Exercise directions:
Nothing but the lines from the one with "Luxury west elm Andes Sofa" through the final line of the entries should appear in the answer, copied exactly and without pictures.

Short web captions:
■ ■ ■ ■
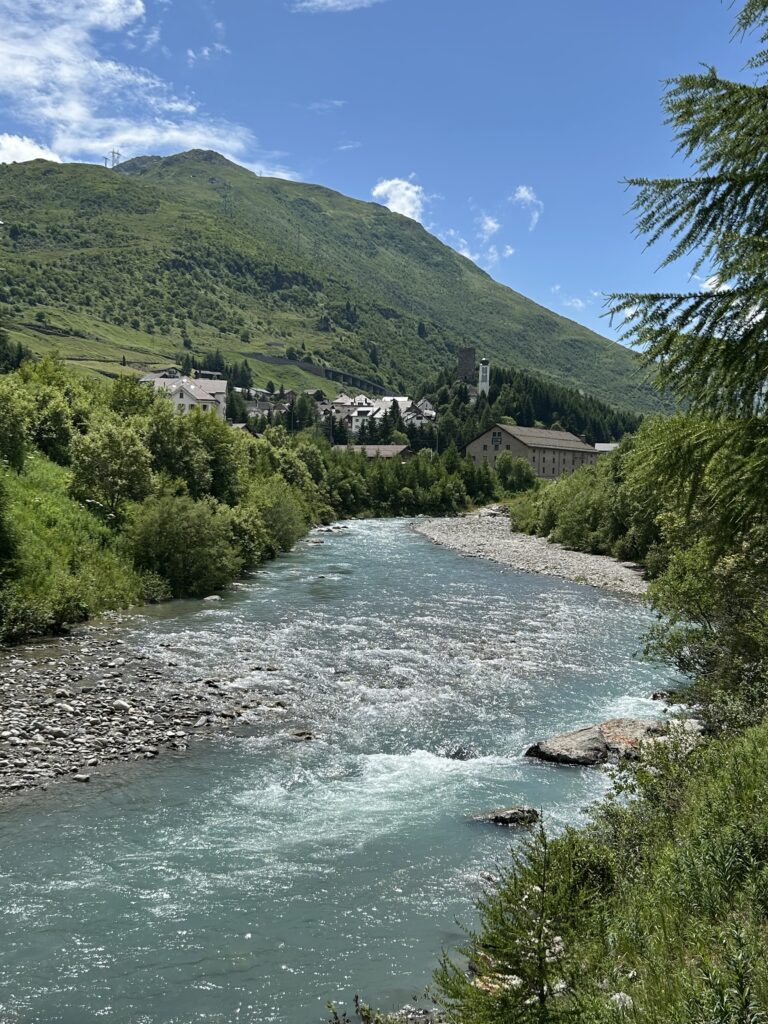 Hospental in Sicht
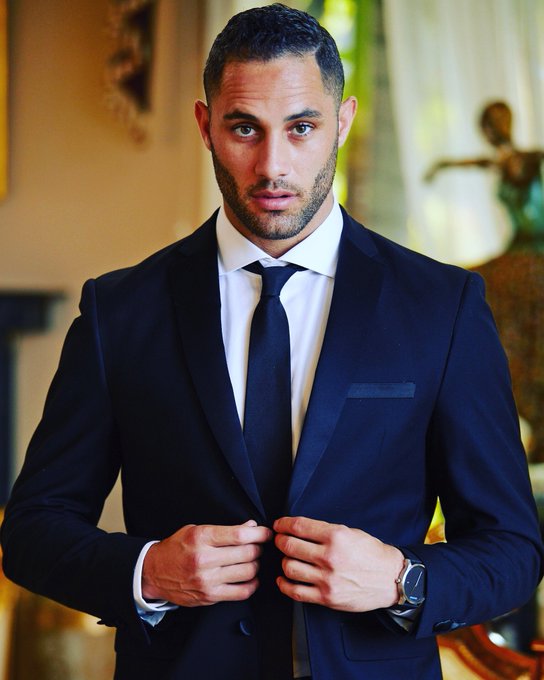 Lookin, feelin like a million bucks 💎  📸: @hollyrandall  👔: @STITCHEDlife  ⌚️: @mvmt https://t.co/oc<a class="tags" href="/tag/hollyrandall">@hollyrandall</a>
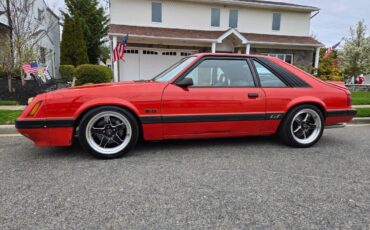 Ford-Mustang-1986-red-1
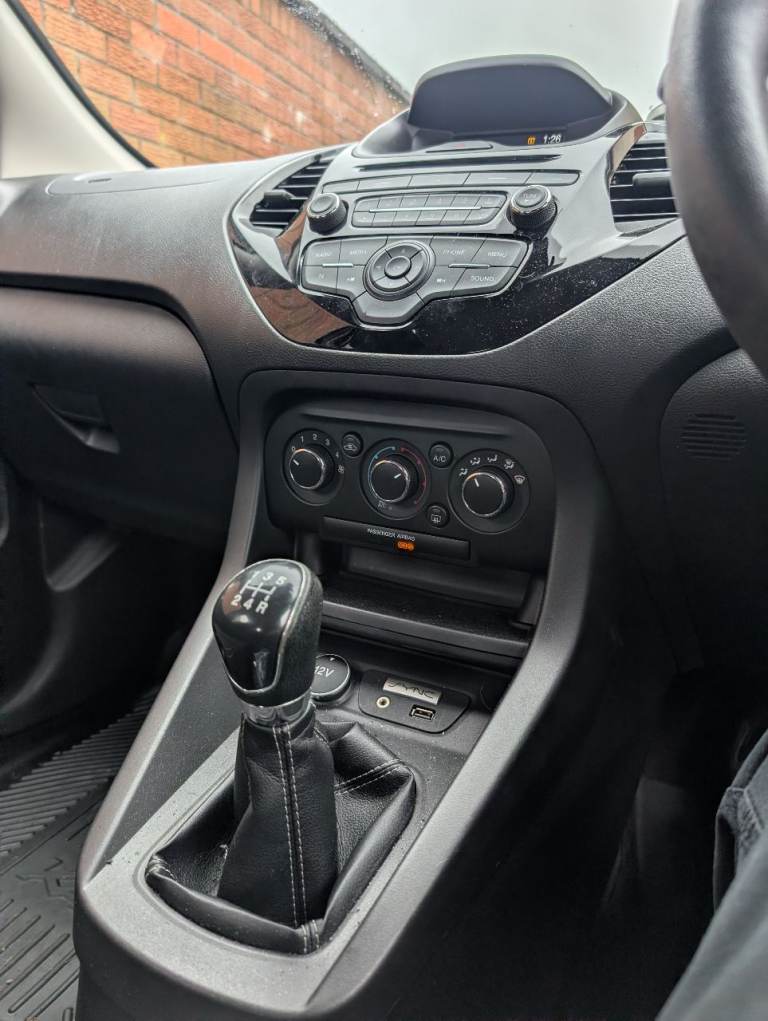 Ford, KA+, Hatchback, 2017, Manual, 1198 (cc), 5 doors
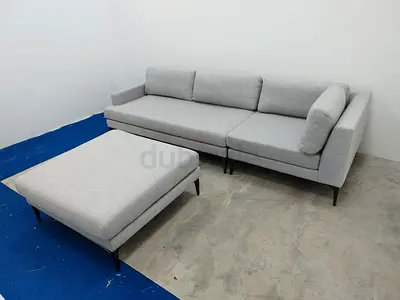 Luxury west elm Andes Sofa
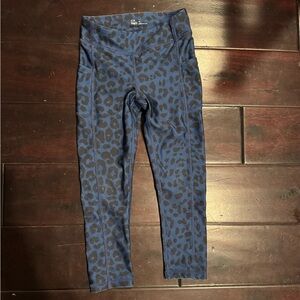 Gap fit little girls size 4Y blue leopard leggings with side pockets.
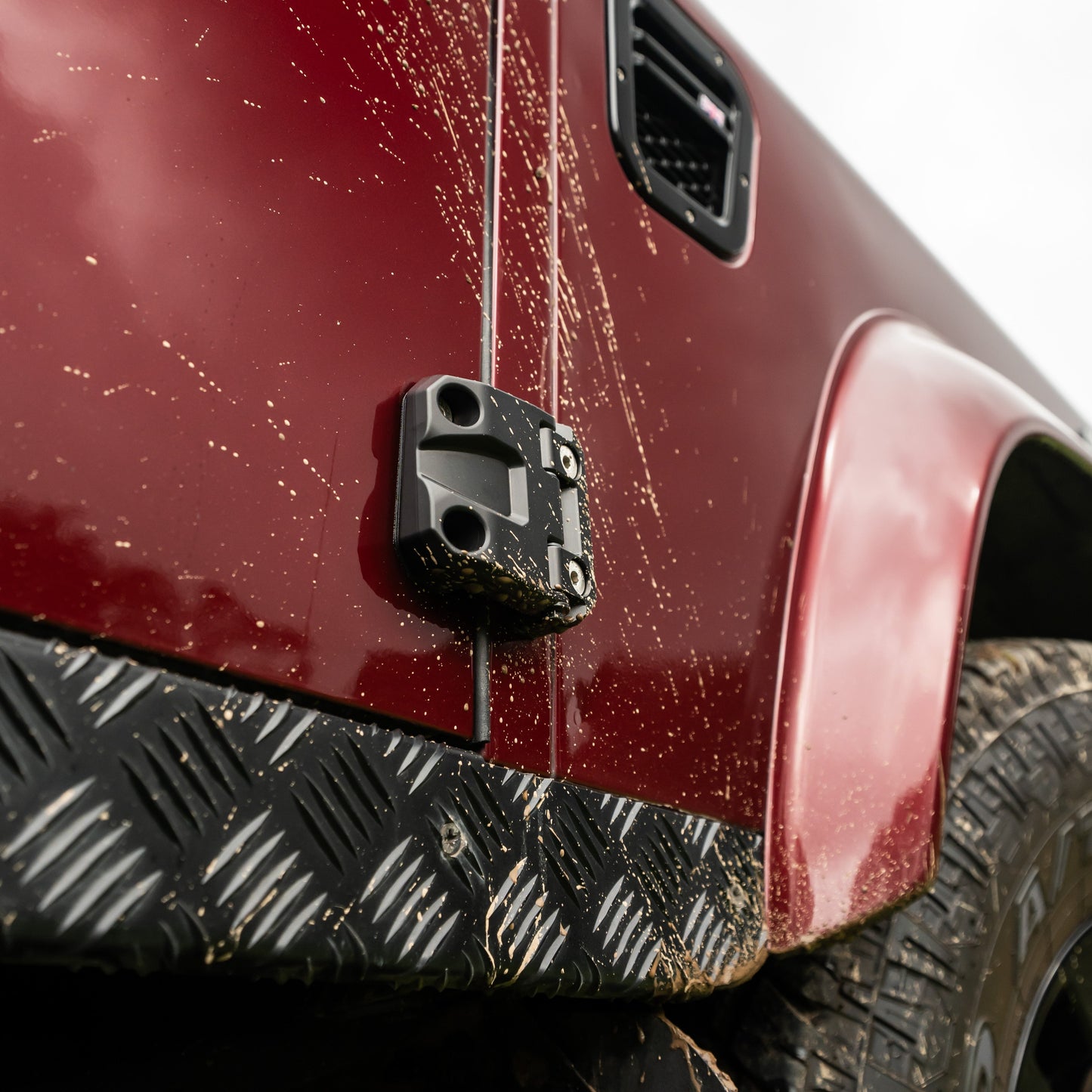 Land Rover Defender (L316) Side Door Hinges
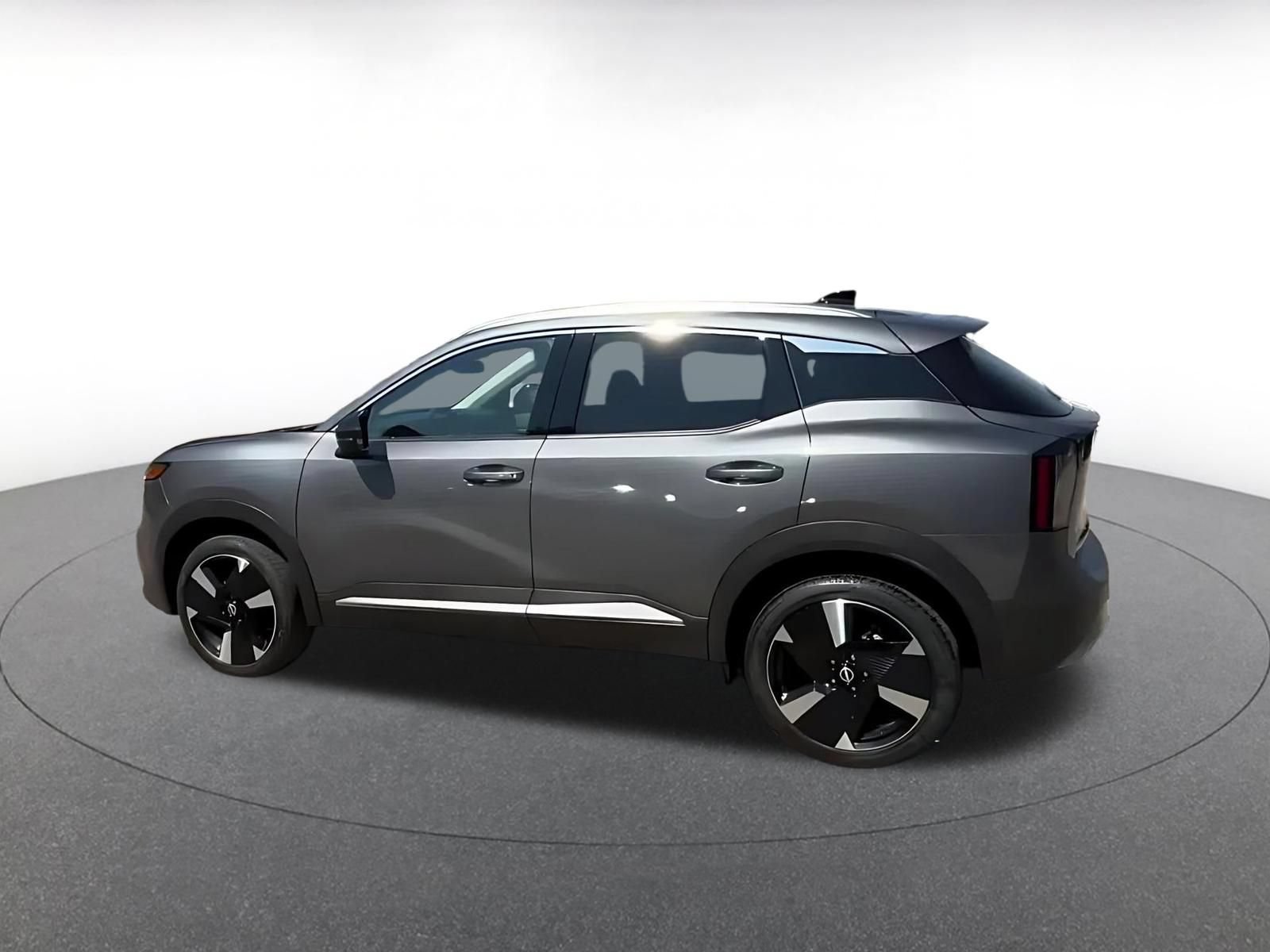 Used 2026 Nissan Kicks SR FWD image 8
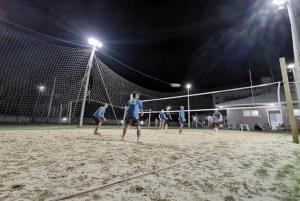 a group of people playing a game of volleyball at Quarto Aconchegante em Residência Familiar in São José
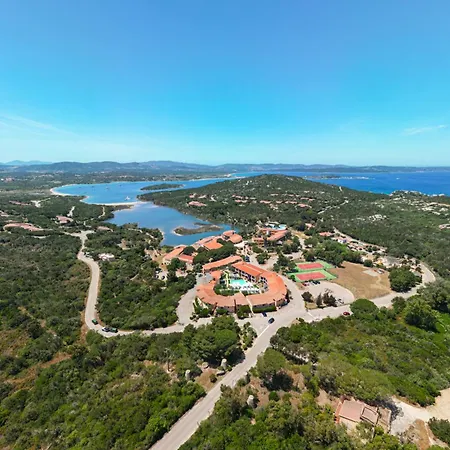 With Swimming Pool In Costa Serena Just 700 Mt From The Sea Aparthotel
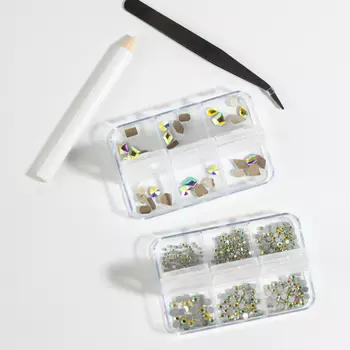 Swanky Stamping, Дизайн стразы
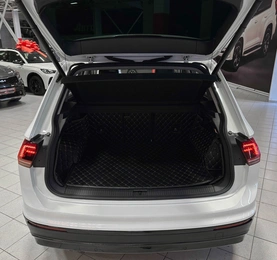Внедорожник Volkswagen Tiguan Allspace 2017 года, 2597000 рублей, Красноярск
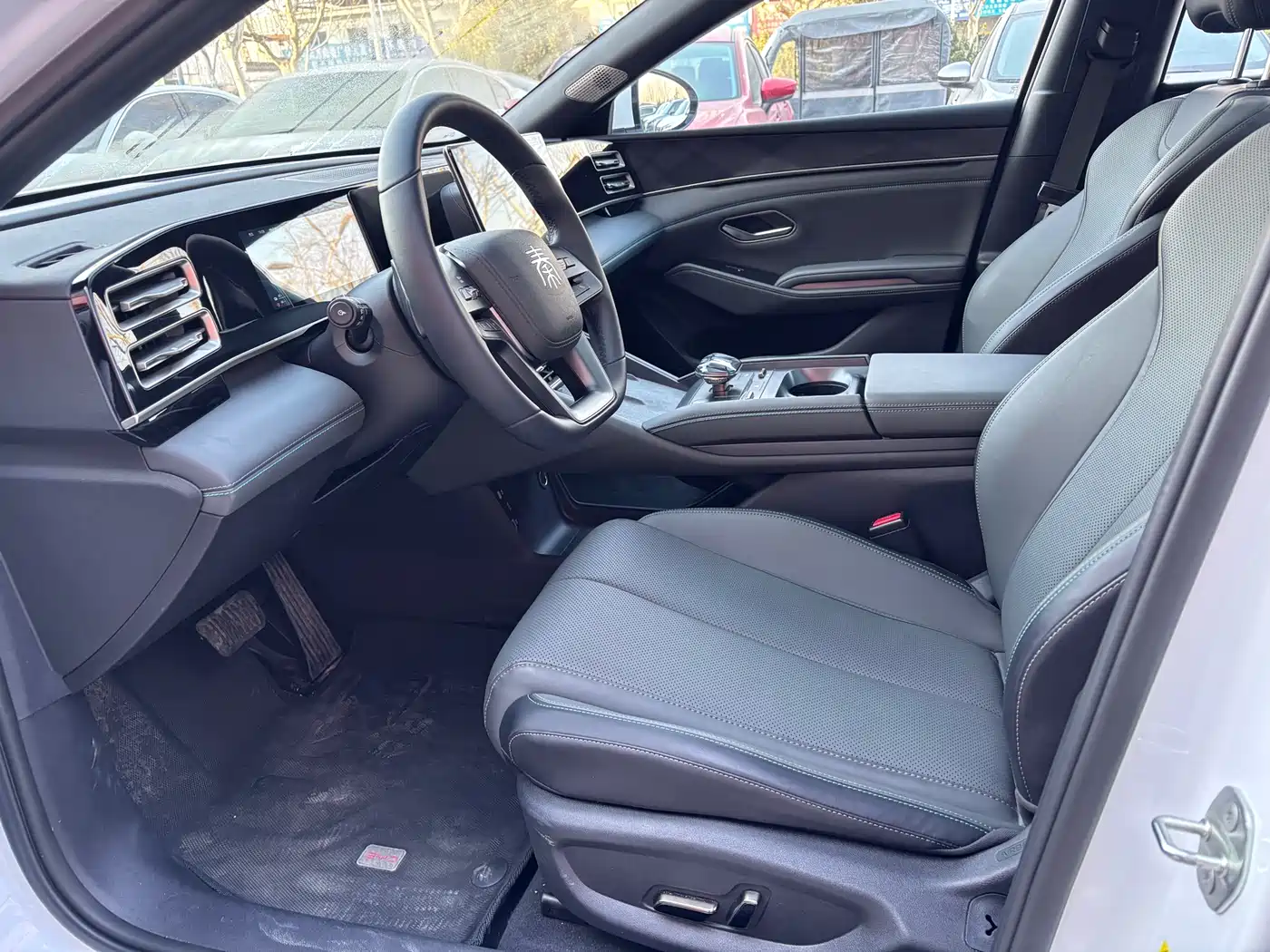 BYD Qin L 2024 DM-i 120KM Superior Edition фото 7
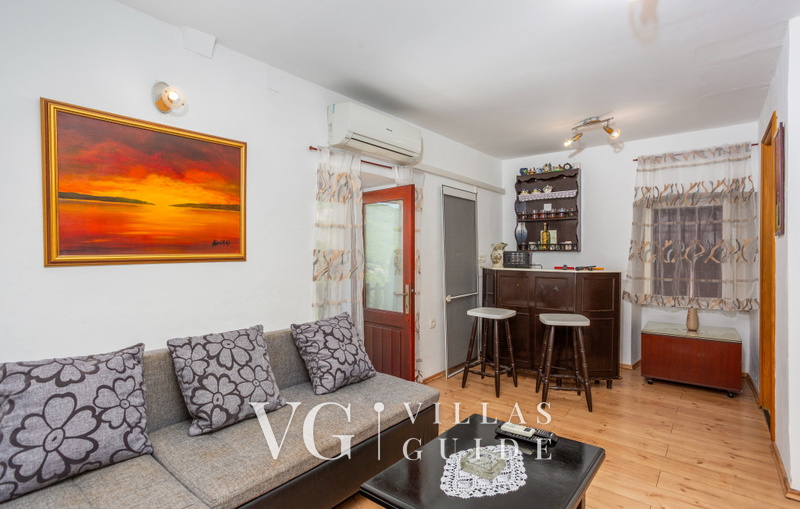 Villa Mirjana with pool Opatija Living room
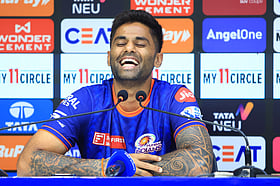 CSK vs MI : 'தோனி Uncapped ப்ளேயரா?' - பத்திரிகையாளர் சந்திப்பில் சிரித்து உருண்ட சூர்யகுமார்!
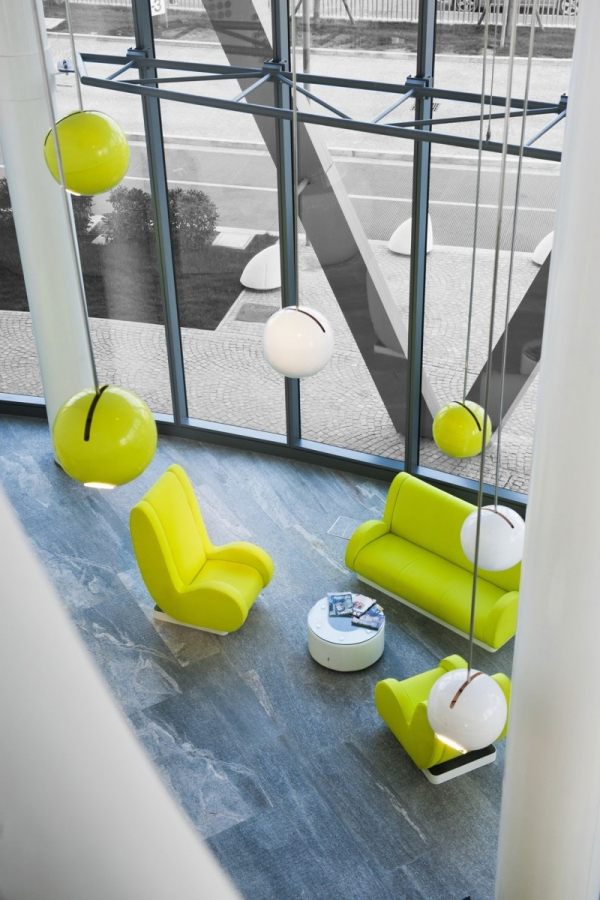 B4 Milano hotel žlté čalúnené nábytkové závesné svetlá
■ ■ ■ ■
Response to the task:
 Luxury west elm Andes Sofa
 Gap fit little girls size 4Y blue leopard leggings with side pockets.
 Land Rover Defender (L316) Side Door Hinges
 Used 2026 Nissan Kicks SR FWD image 8
 a group of people playing a game of volleyball at Quarto Aconchegante em Residência Familiar in São José
 With Swimming Pool In Costa Serena Just 700 Mt From The Sea Aparthotel
 Swanky Stamping, Дизайн стразы
Внедорожник Volkswagen Tiguan Allspace 2017 года, 2597000 рублей, Красноярск
 BYD Qin L 2024 DM-i 120KM Superior Edition фото 7
 Villa Mirjana with pool Opatija Living room
 CSK vs MI : 'தோனி Uncapped ப்ளேயரா?' - பத்திரிகையாளர் சந்திப்பில் சிரித்து உருண்ட சூர்யகுமார்!
 B4 Milano hotel žlté čalúnené nábytkové závesné svetlá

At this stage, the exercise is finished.